Finalement, c’est une déclaration d’un travailleur social de la Planchette qui m’a interpellée. La Planchette, encore plus que la Bourdonnette, a toujours souffert de sa réputation de quartier sulfureux, et pendant longtemps, à juste titre. En me parlant de la venue, quelques années auparavant d’une équipe de Temps Présent pour la RTS, il m’a prévenu qu’aucun jeune n’accepterait de me parler. Ils avaient été blessés, s’étaient sentis trahis par les journalistes. Pendant le tournage, beaucoup de voix s’étaient élevées pour expliquer les initiatives entreprises pour sortir le quartier de la violence, pour dénoncer la mauvaise image du quartier. Eux ne s’étaient jamais sentis en danger, avaient du plaisir à y vivre, aimaient son ambiance. Et à la diffusion, seules les violences, les peurs, les agressions sont ressorties, un portrait a été dépeint qui serait, selon les dires des habitants, aux antipodes de la réalité de leur quotidien.

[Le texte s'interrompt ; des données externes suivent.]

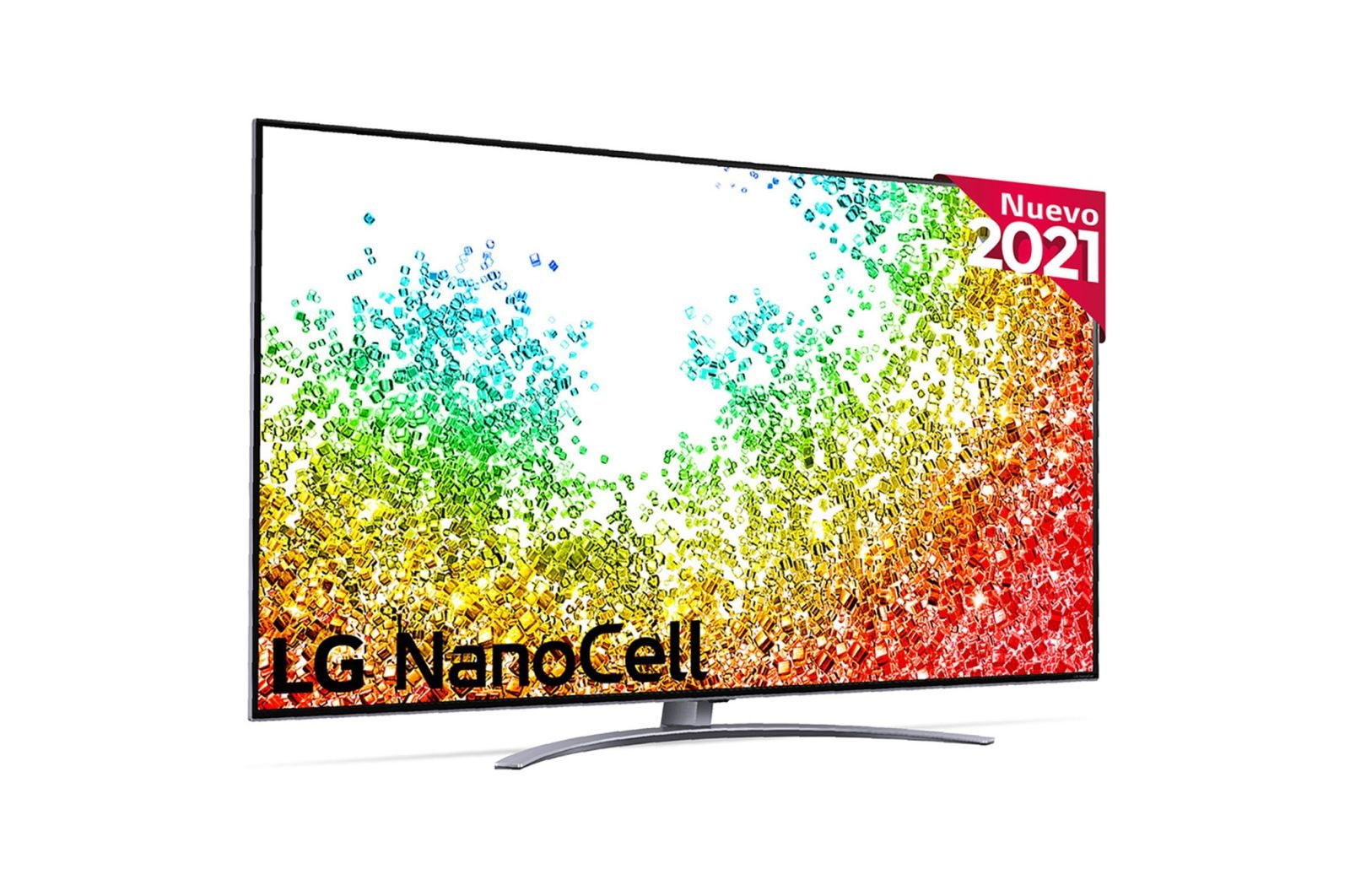 LG 8K NanoCell, SmartTV webOS 6.0, Procesador Inteligente 8K α9 Gen4 con AI, HDR Dolby Vision, DOLBY ATMOS [Clase de eficiencia energética G], 75NANO966PA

Face à cette problématique, comment réagir ? Dénoncer publiquement dans ma voix-off le travail de confrères ? Ou le taire tout à fait, au risque de passer à côté d’un phénomène qui a pourtant pris une ampleur impressionnante à la Planchette ?
Après discussion avec mon rédacteur en chef et notamment grâce aux intervenants qui d’eux mêmes, dénoncent l’effet de cette émission, j’ai décidé de nommer son titre. Cela démontre que l’opinion publique peut avoir le même effet qu’une institution publique.
Moins “oublié” que calomnié, la Planchette rejoint cependant les deux autres quartiers pour sa difficulté à sortir d’un carcan qui lui a été attribué de force.